Web page caption snippets:
—————

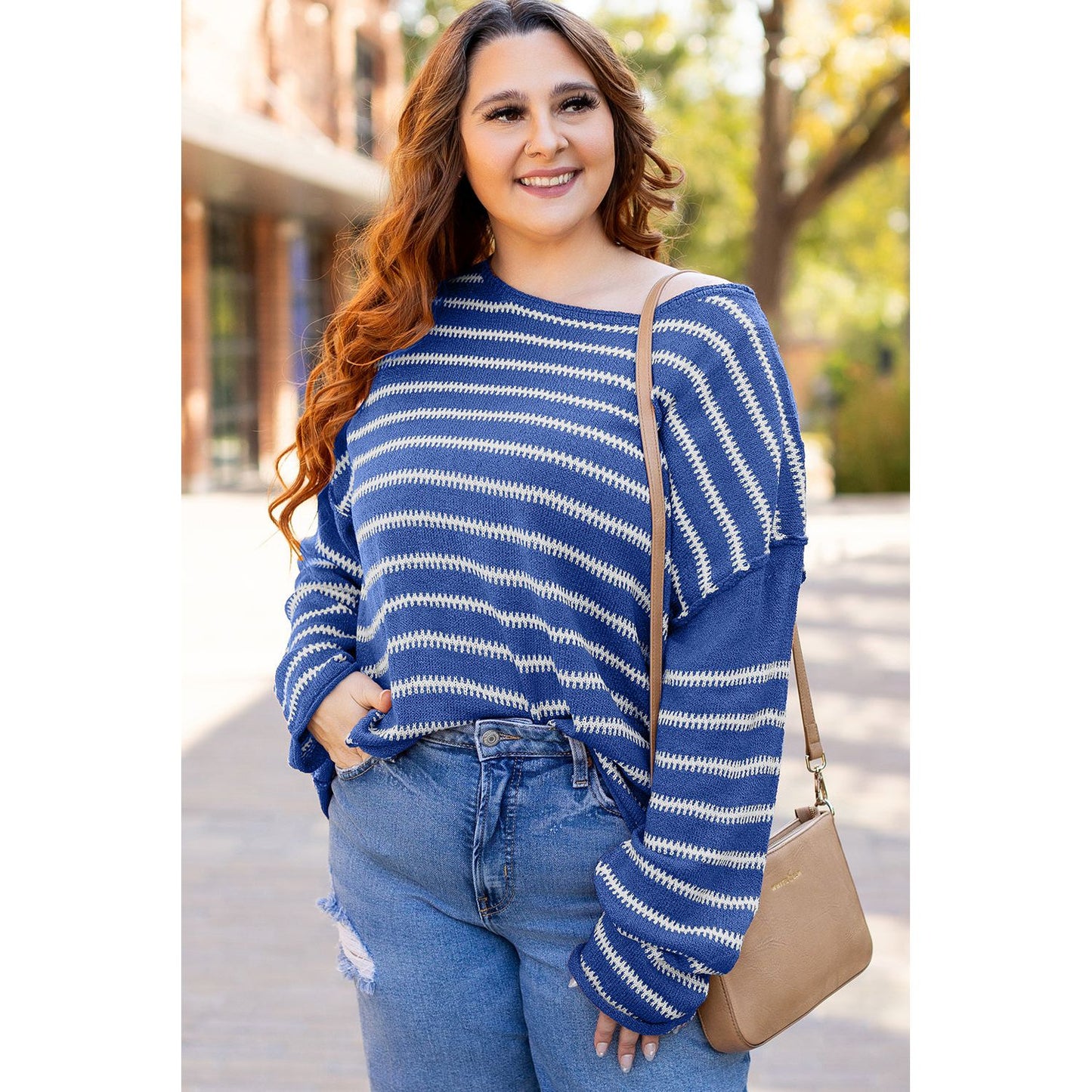 Cozy Season Sky Blue Striped Sweater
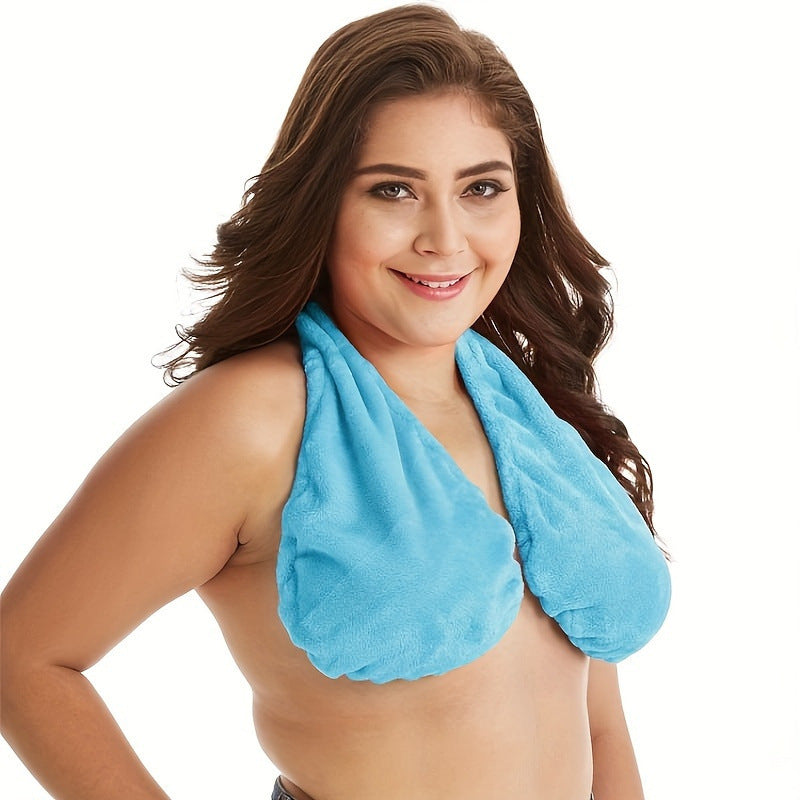 Blue Breathable Wool Towel Bra with Supportive Anti-Chafe Deisgn - Sweat-Wicking Halter Neck Lounge Bralette V888-ELOSUNG45530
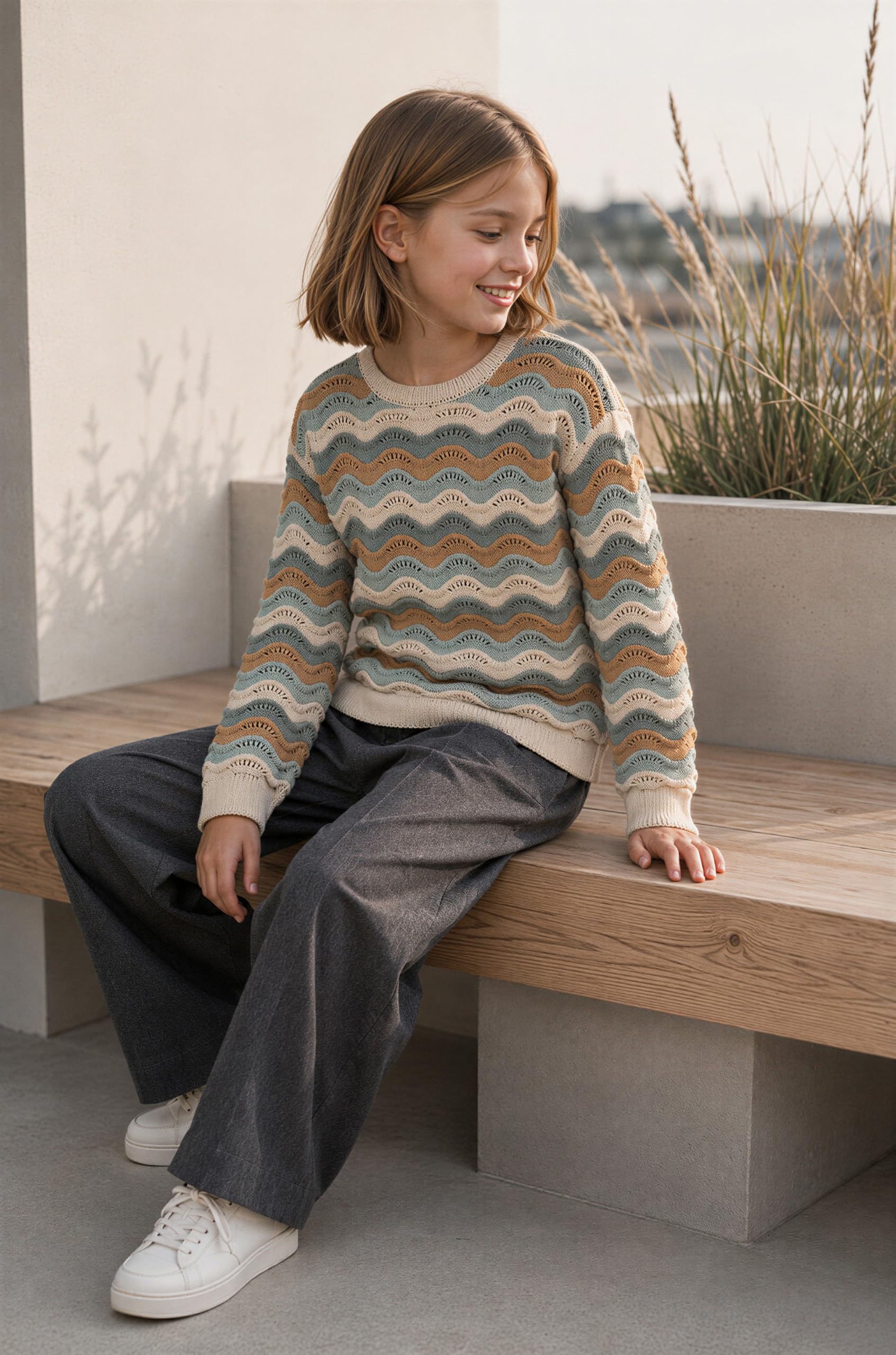 Mädchen Strickpullover DTYRA Wellen-Ajourmuster Bordeaux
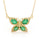 2.39 Cts Emerald and White Diamond Necklace in Yellow Gold Plated Sterling Silver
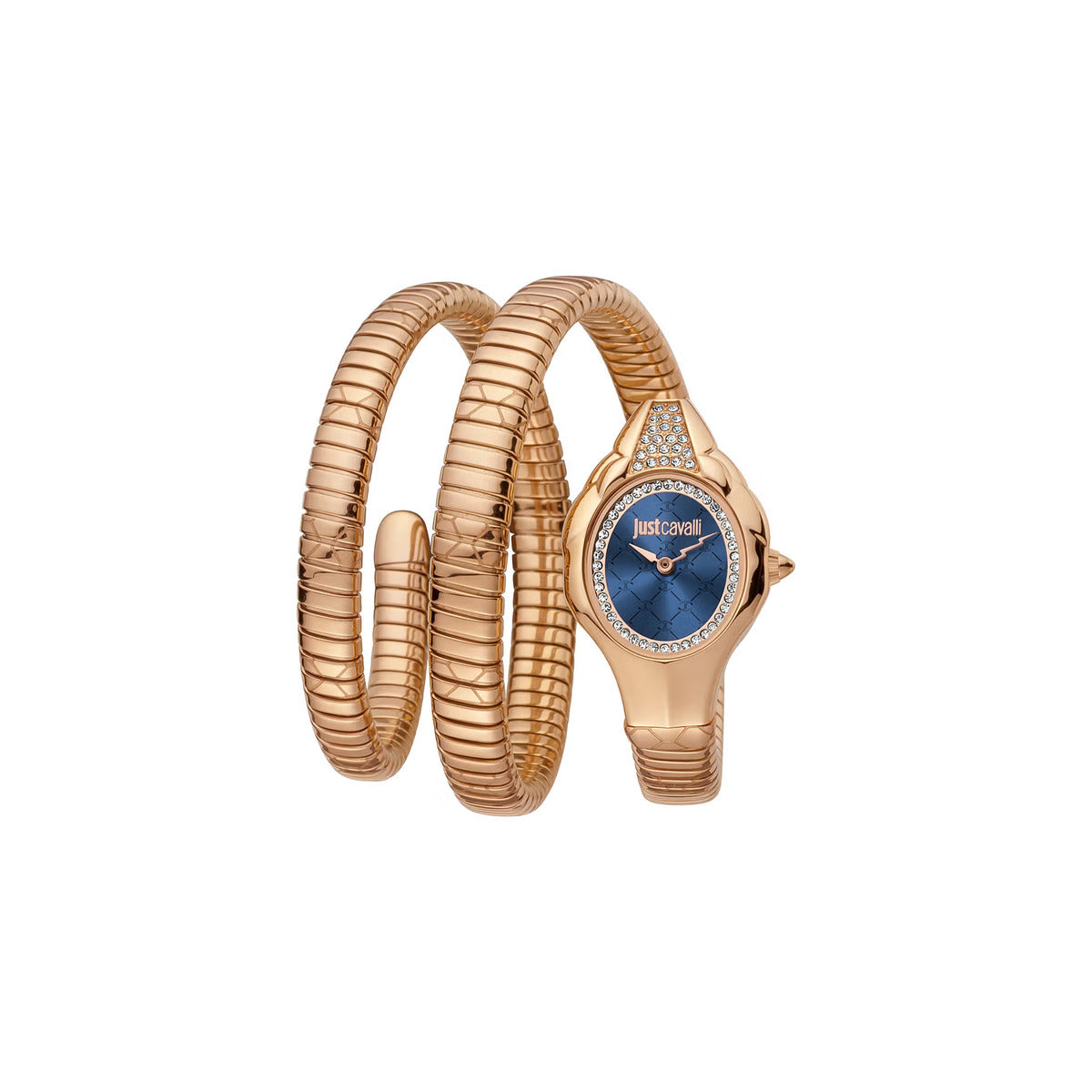 Rose gold watch with blue face on a white background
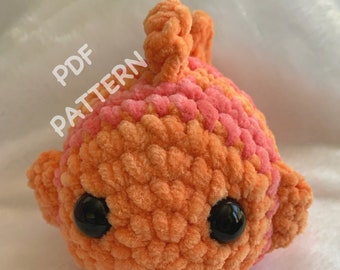 PDF Digital Pattern! Crochet Amigurumi Luca Fish Fishie Goldfish Pattern Kawaii Cute Adorable Plushies Stuffies Gifts For Pet Animals Lovers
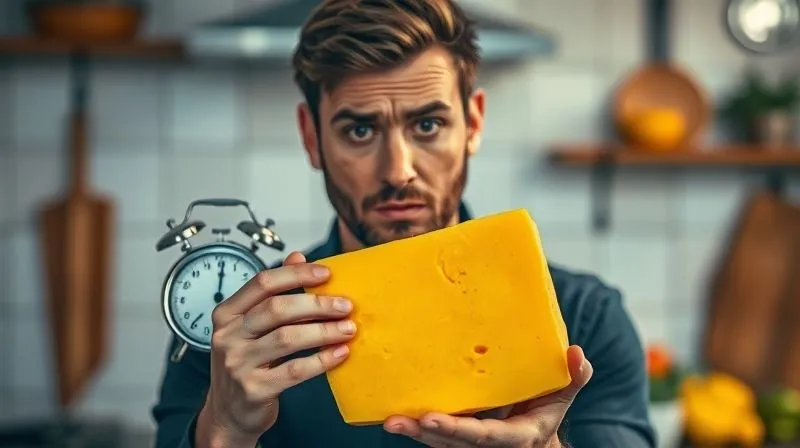 Photorealistic, professional photography of a person looking confused and slightly frustrated, holding a large block of yellow cheese in one hand and a small kitchen scale in the other, with a blurred background of a kitchen. Cinematic lighting creating a thoughtful mood, sharp focus on the person and objects, depth of field, 8K hyper-detailed, shot on a high-end DSLR.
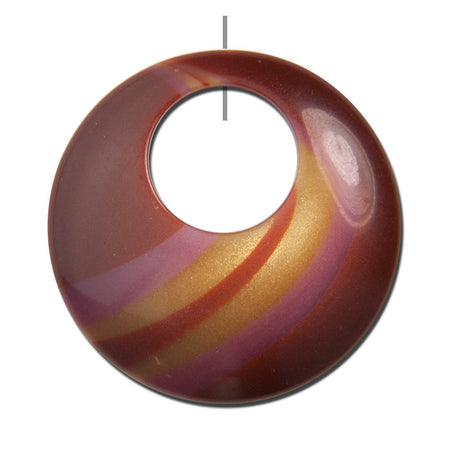 Vintage Rust Brown Pink Gold Swirled Hoops Pendants (2) hps089B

—————

Each entry gets copied exactly; the pictures stay out.

 Cozy Season Sky Blue Striped Sweater
 Blue Breathable Wool Towel Bra with Supportive Anti-Chafe Deisgn - Sweat-Wicking Halter Neck Lounge Bralette V888-ELOSUNG45530
 Mädchen Strickpullover DTYRA Wellen-Ajourmuster Bordeaux
 2.39 Cts Emerald and White Diamond Necklace in Yellow Gold Plated Sterling Silver
 Rose gold watch with blue face on a white background
 PDF Digital Pattern! Crochet Amigurumi Luca Fish Fishie Goldfish Pattern Kawaii Cute Adorable Plushies Stuffies Gifts For Pet Animals Lovers
 Photorealistic, professional photography of a person looking confused and slightly frustrated, holding a large block of yellow cheese in one hand and a small kitchen scale in the other, with a blurred background of a kitchen. Cinematic lighting creating a thoughtful mood, sharp focus on the person and objects, depth of field, 8K hyper-detailed, shot on a high-end DSLR.
 Vintage Rust Brown Pink Gold Swirled Hoops Pendants (2) hps089B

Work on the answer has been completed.